Urząd Gminy ma czas tylko do końca marca, by znaleźć nową lokalizację dla Gminnego Ośrodka Pomocy Społecznej. Zanosi się bowiem na to, że GOPS będzie musiał opuścić budynek na ul. Zegrzyńskiej 1 w Jabłonnie.

Podczas środowego posiedzenia Komisji Rozwoju przy Radzie Gminy poruszono temat kończącej się umowy najmu pomieszczeń dla GOPS w budynku Gminnej Spółdzielni “Samopoc Chłopska” przy ul. Zegrzyńskiej. Według informacji przedstawionych podczas obrad, spółdzielnia prawdopodobnie nie przedłuży gminie umowy na wynajem pomieszczeń dla GOPS i archiwum. Powód? Spółdzielnia szuka kupca na budynek.

W poprzednim roku gmina wydała 138.000 zł na wynajem i eksploatację pomieszczeń na ul. Zegrzyńskiej 1. Urząd już w maju 2013 roku otrzymał pierwszą ofertę zakupu nieruchomości w wysokości 2.800.000 zł. Gmina zasygnalizowała jednak, że nie jest zainteresowana nabyciem całego budynku, tylko pomieszczeń, gdzie są GOPS i archiwum.Spółdzielnia odmówiła i w październiku 2014 roku złożyła kolejną ofertę – 1.850.000 zł za cała nieruchomość. Negocjacji, już w nowej kadencji, podjął się także wójt Jarosław Chodorski, który zaproponował kwotę 1.200.000 zł. Spółdzielnia nie zgodziła się.

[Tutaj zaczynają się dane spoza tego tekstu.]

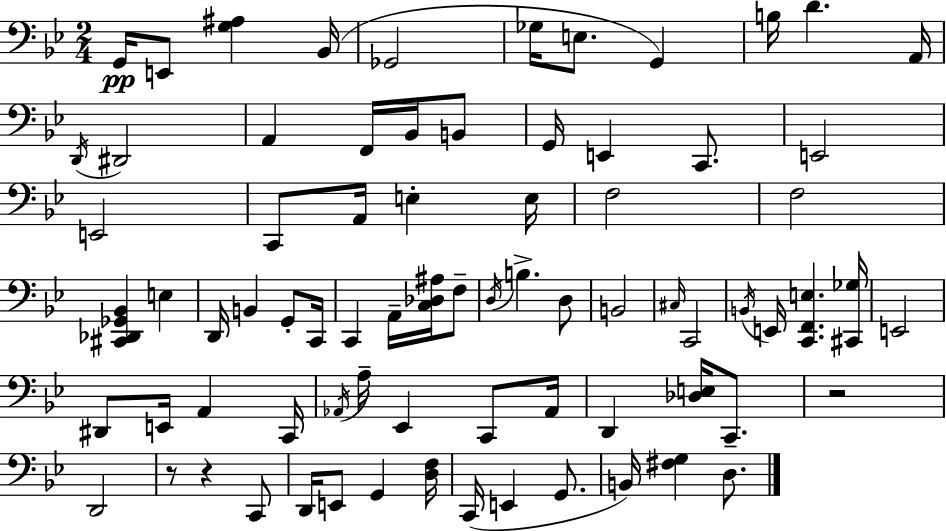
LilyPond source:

{
  \clef bass
  \numericTimeSignature
  \time 2/4
  \key bes \major
  \repeat volta 2 { g,16\pp e,8 <g ais>4 bes,16( | ges,2 | ges16 e8. g,4) | b16 d'4. a,16 | \break \acciaccatura { d,16 } dis,2 | a,4 f,16 bes,16 b,8 | g,16 e,4 c,8. | e,2 | \break e,2 | c,8 a,16 e4-. | e16 f2 | f2 | \break <cis, des, ges, bes,>4 e4 | d,16 b,4 g,8-. | c,16 c,4 a,16-- <c des ais>16 f8-- | \acciaccatura { d16 } b4.-> | \break d8 b,2 | \grace { cis16 } c,2 | \acciaccatura { b,16 } e,16 <c, f, e>4. | <cis, ges>16 e,2 | \break dis,8 e,16 a,4 | c,16 \acciaccatura { aes,16 } a16-- ees,4 | c,8 aes,16 d,4 | <des e>16 c,8.-- r2 | \break d,2 | r8 r4 | c,8 d,16 e,8 | g,4 <d f>16 c,16( e,4 | \break g,8. b,16) <fis g>4 | d8. } \bar "|."
}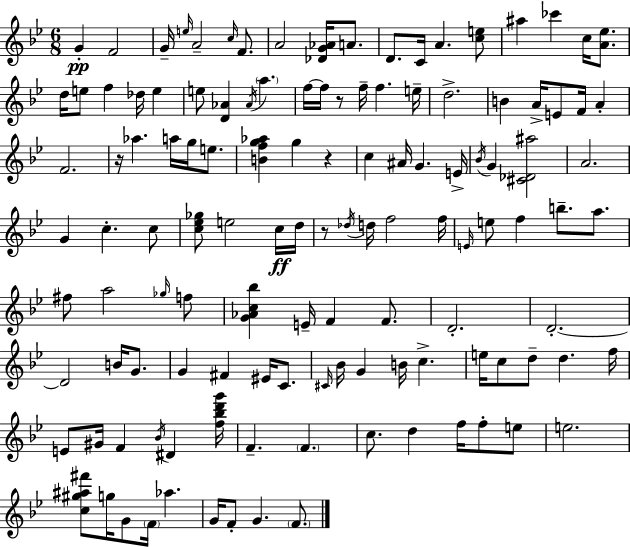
{
  \clef treble
  \numericTimeSignature
  \time 6/8
  \key g \minor
  g'4-.\pp f'2 | g'16-- \grace { e''16 } a'2-- \grace { c''16 } f'8. | a'2 <des' g' aes'>16 a'8. | d'8. c'16 a'4. | \break <c'' e''>8 ais''4 ces'''4 c''16 <a' ees''>8. | d''16 e''8 f''4 des''16 e''4 | e''8 <d' aes'>4 \acciaccatura { aes'16 } \parenthesize a''4. | f''16~~ f''16 r8 f''16-- f''4. | \break e''16-- d''2.-> | b'4 a'16-> e'8 f'16 a'4-. | f'2. | r16 aes''4. a''16 g''16 | \break e''8. <b' f'' g'' aes''>4 g''4 r4 | c''4 ais'16 g'4. | e'16-> \acciaccatura { bes'16 } g'4 <cis' des' ais''>2 | a'2. | \break g'4 c''4.-. | c''8 <c'' ees'' ges''>8 e''2 | c''16\ff d''16 r8 \acciaccatura { des''16 } d''16 f''2 | f''16 \grace { e'16 } e''8 f''4 | \break b''8.-- a''8. fis''8 a''2 | \grace { ges''16 } f''8 <g' aes' c'' bes''>4 e'16-- | f'4 f'8. d'2.-. | d'2.-.~~ | \break d'2 | b'16 g'8. g'4 fis'4 | eis'16 c'8. \grace { cis'16 } bes'16 g'4 | b'16 c''4.-> e''16 c''8 d''8-- | \break d''4. f''16 e'8 gis'16 f'4 | \acciaccatura { bes'16 } dis'4 <f'' bes'' d''' g'''>16 f'4.-- | \parenthesize f'4. c''8. | d''4 f''16 f''8-. e''8 e''2. | \break <c'' gis'' ais'' fis'''>8 g''16 | g'8 \parenthesize f'16 aes''4. g'16 f'8-. | g'4. \parenthesize f'8. \bar "|."
}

– Żeby móc kupić budynek, trzeba mieć audyt, co do jednej belki. Mówimy, że wiemy jak ten budynek wygląda, a tak naprawdę nic nie wiemy. Musimy zacząć od ekspertyzy. Na dzisiaj jesteśmy szantażowani przez spółdzielnię. Myślę też, że pan wójt nie ma prawa nic proponować spółdzielni, ponieważ nie ma pan w budżecie środków na ten cel – stwierdził podczas obrad radny Arkadiusz Syguła.

Radny zwrócił uwagę, że lepszym pomysłem niż zakup zniszczonego budynku, byłoby przeniesienie GOPS do skrzydła Urzędu Gminy, w którym obecnie funkcjonuje bank. Według A. Syguły bank powinien wreszcie wybudować własny budynek i przenieść się do niego.

Dyskusję wywołał także temat zakupu lokali mieszkalnych i użytkowych, jeśli gmina zdecydowałaby się nabyć cały budynek. Według urzędu, można byłoby liczyć w związku z tym na dochody, które wpływałyby do gminnej kasy. Z kolei według radnego Syguły, tych nie byłoby, ponieważ gmina i tak musiałaby dokładać do remontów budynku.

– Wizualnie pomieszczenia nie wyglądają tak źle. Występują pęknięcia i ślady grzyba, ale to raczej z powodu zaniedbań lokatorów – mówił Tomasz Góralski, kierownik Referatu Geodezji i Gospodarki Nieruchomościami w Urzędzie Gminy.

– Wizualnie nie interesuje mnie ten budynek, interesuje mnie jego ekspertyza. Jeśli go kupimy, będzie on dla nas jak garb na plecach – odpowiedział radny Syguła.

Co zrobi gmina, żeby rozwiązać problem braku pomieszczeń dla GOPS i archiwum, który może pojawić się z końcem marca? Czy zdecyduje się na zakup budynku, którego remont wymaga ogromnych nakładów finansowych? Przekonamy się niedługo.